An anapest can be defined as a metrical foot consisting of three syllables, the first two are unstressed followed by one stressed syllable, often referred to as “reverse dactyl” as it follows the rapid pace of the dactyl where the emphasis is placed on the first syllable. Examples of anapest in the English language are words such as “contradict” and “understand”, both of which contain three syllables with the accent on the last syllable. Anapestic words are more common in languages other than English such as French, and many phrases that are borrowed from the French language such as “art nouveau” and “haute couture” contain anapestic words.
Examples of the use of anapests in poetry include “The Sick Rose” by William Blake, “The Unknown Citizen” by W.H. Auden and “Twas The Night Before Christmas” by Clement C. Moore – which is almost entirely made up of anapests. An Anapestic tetrameter in poetry contains four anapestic metrical feet in each line, each foot having two syllables that are unstressed with the stress on the final syllable. Foot refers to the most basic unit of a poem’s meter and is a combination of stressed and unstressed syllables making up a line of the meter.
The word “anapest”, also written “anapaest” has an identical definition to “antidactylus” and means “struck back” in Greek.
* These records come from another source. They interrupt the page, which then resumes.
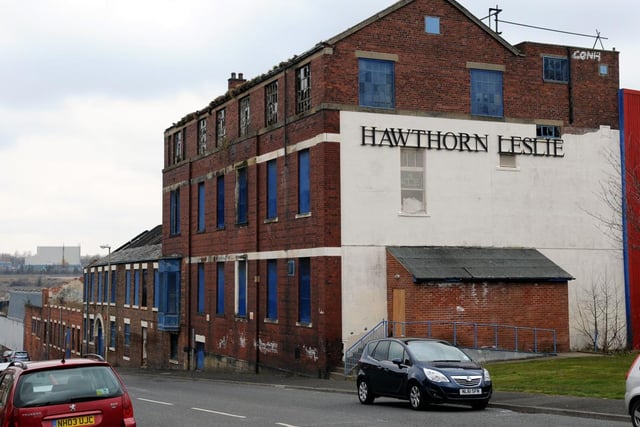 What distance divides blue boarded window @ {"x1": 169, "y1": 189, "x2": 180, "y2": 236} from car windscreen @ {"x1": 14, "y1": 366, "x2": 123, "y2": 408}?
35.0 m

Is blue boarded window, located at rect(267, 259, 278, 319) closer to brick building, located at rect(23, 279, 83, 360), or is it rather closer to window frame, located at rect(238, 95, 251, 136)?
window frame, located at rect(238, 95, 251, 136)

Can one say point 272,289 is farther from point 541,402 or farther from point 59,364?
point 59,364

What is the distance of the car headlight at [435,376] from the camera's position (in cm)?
1752

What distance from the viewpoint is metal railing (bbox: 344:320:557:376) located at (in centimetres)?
2848

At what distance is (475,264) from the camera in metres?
30.1

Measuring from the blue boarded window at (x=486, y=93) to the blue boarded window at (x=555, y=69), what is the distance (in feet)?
7.04

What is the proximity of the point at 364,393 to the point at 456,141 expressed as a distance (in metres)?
14.1

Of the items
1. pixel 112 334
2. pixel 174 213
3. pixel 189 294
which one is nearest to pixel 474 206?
pixel 189 294

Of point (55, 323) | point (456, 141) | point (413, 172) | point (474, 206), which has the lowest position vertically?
point (55, 323)

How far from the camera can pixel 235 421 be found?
16.6 metres

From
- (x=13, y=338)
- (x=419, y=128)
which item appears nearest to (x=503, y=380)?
(x=419, y=128)

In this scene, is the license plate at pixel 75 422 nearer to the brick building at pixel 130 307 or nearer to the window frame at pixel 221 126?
the window frame at pixel 221 126

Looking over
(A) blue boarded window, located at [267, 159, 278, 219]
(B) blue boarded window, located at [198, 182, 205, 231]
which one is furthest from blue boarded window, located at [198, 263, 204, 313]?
(A) blue boarded window, located at [267, 159, 278, 219]

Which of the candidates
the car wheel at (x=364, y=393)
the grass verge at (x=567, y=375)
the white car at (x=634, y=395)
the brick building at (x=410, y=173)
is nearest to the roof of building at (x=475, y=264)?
the brick building at (x=410, y=173) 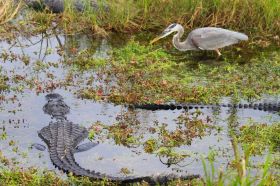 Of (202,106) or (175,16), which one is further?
(175,16)

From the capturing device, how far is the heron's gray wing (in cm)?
891

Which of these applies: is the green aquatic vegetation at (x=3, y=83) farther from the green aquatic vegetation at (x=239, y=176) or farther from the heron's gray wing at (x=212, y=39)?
the green aquatic vegetation at (x=239, y=176)

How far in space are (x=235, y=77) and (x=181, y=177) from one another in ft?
11.4

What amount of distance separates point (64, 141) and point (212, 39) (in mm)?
3700

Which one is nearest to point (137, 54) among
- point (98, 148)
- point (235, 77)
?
point (235, 77)

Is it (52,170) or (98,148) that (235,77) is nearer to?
(98,148)

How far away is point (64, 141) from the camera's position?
6.00 meters

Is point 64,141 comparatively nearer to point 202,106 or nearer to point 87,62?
point 202,106

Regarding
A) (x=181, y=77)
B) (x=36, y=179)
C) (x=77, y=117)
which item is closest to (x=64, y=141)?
(x=36, y=179)

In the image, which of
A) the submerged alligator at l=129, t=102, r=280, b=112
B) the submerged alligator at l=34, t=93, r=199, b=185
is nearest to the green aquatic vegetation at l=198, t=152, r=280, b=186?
the submerged alligator at l=34, t=93, r=199, b=185

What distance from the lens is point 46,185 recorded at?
17.1 feet

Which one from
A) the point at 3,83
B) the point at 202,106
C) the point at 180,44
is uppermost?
the point at 180,44

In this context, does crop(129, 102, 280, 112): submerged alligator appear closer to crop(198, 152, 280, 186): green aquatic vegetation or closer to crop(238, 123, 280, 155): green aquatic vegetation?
crop(238, 123, 280, 155): green aquatic vegetation

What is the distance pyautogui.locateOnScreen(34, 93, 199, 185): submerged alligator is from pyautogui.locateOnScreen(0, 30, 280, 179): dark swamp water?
10cm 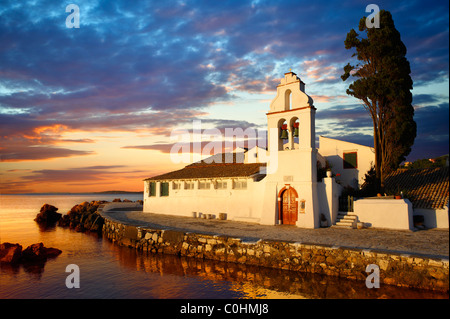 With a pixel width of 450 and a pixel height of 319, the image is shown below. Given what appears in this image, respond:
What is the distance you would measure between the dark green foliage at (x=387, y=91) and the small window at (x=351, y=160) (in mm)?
2910

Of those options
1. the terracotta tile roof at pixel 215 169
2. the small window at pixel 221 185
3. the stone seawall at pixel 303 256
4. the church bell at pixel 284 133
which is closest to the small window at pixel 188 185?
the terracotta tile roof at pixel 215 169

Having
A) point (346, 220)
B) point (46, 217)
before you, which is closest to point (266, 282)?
point (346, 220)

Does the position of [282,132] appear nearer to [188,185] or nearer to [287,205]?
[287,205]

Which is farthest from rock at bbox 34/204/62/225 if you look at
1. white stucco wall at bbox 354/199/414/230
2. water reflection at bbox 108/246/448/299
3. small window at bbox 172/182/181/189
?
white stucco wall at bbox 354/199/414/230

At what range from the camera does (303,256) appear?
477 inches

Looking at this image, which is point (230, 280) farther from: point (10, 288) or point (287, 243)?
point (10, 288)

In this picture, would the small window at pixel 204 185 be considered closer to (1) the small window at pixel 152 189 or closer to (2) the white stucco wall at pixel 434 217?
(1) the small window at pixel 152 189

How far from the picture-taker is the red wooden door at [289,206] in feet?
58.6

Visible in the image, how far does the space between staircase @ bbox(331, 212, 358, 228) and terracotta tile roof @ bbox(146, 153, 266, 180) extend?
663cm

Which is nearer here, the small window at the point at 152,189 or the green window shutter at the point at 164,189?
the green window shutter at the point at 164,189

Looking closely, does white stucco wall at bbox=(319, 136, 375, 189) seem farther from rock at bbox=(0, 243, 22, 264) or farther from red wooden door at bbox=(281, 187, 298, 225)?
rock at bbox=(0, 243, 22, 264)

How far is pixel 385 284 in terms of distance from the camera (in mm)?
10250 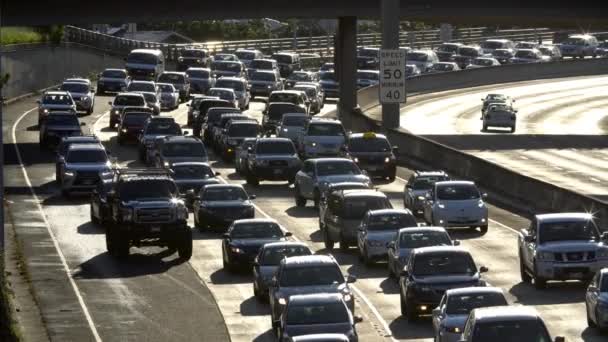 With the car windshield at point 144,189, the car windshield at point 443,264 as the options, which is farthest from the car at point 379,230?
the car windshield at point 443,264

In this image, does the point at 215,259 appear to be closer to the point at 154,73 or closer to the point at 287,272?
the point at 287,272

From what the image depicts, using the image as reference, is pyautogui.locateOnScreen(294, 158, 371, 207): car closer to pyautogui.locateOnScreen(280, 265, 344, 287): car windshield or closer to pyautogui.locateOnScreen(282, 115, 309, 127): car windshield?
pyautogui.locateOnScreen(282, 115, 309, 127): car windshield

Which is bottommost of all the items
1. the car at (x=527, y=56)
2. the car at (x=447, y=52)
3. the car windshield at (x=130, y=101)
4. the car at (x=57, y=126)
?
the car at (x=447, y=52)

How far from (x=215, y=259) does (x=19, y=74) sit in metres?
58.1

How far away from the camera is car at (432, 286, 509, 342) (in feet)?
101

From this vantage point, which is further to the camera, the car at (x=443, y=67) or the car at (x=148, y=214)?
the car at (x=443, y=67)

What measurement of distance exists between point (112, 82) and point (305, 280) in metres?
68.2

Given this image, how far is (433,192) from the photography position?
4969cm

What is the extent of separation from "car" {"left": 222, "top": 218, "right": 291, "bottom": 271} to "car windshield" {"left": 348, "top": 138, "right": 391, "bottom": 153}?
19600 mm

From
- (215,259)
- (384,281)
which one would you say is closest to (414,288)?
(384,281)

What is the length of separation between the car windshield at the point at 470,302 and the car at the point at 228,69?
7578 cm

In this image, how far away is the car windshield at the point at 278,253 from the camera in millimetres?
38750

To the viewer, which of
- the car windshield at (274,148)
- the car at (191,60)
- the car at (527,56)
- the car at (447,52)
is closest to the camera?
the car windshield at (274,148)

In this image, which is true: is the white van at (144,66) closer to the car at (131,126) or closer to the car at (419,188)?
the car at (131,126) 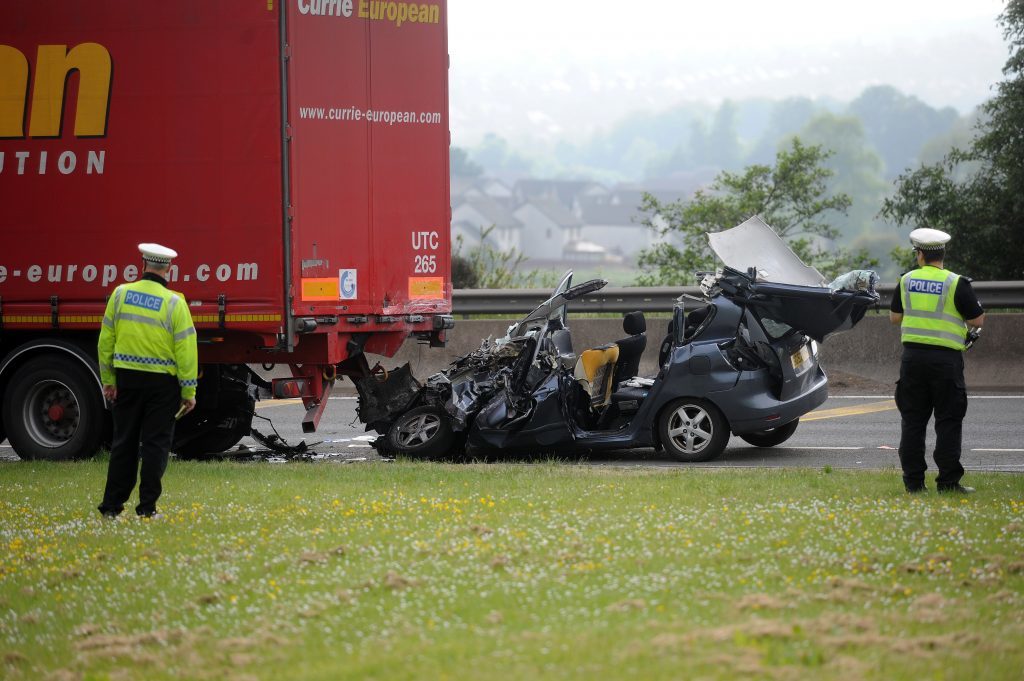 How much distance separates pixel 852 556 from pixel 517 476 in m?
3.67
A dactyl is a metric foot where the stress is on the first syllable followed by two that are unstressed, which is why an anapest is considered to be a reversed dactyl.
Three forms of anapestic meter:
1. Anapestic Trimeter with 3 metrical anapestic feet each with three syllables giving each line a total of 9 syllables;
2. Anapestic Tetrameter with 4 metrical anapestic feet each having 3 syllables in anapestic form with a total of 12 syllables in each line;
3. Anapestic Hexameter the least common anapest – contains 6 anapestic feet with 3 syllables each giving a total of 18 syllables per line.
Some idioms in the English language are common examples of anapest such as the phrases: “get a life”, “costs an arm and a leg”, “feeling under the weather”, “at the drop of a hat” and the song by Cole Porter: “In the Still of the Night”. Popular poetic forms of Limerick often contain playful anapestic meter.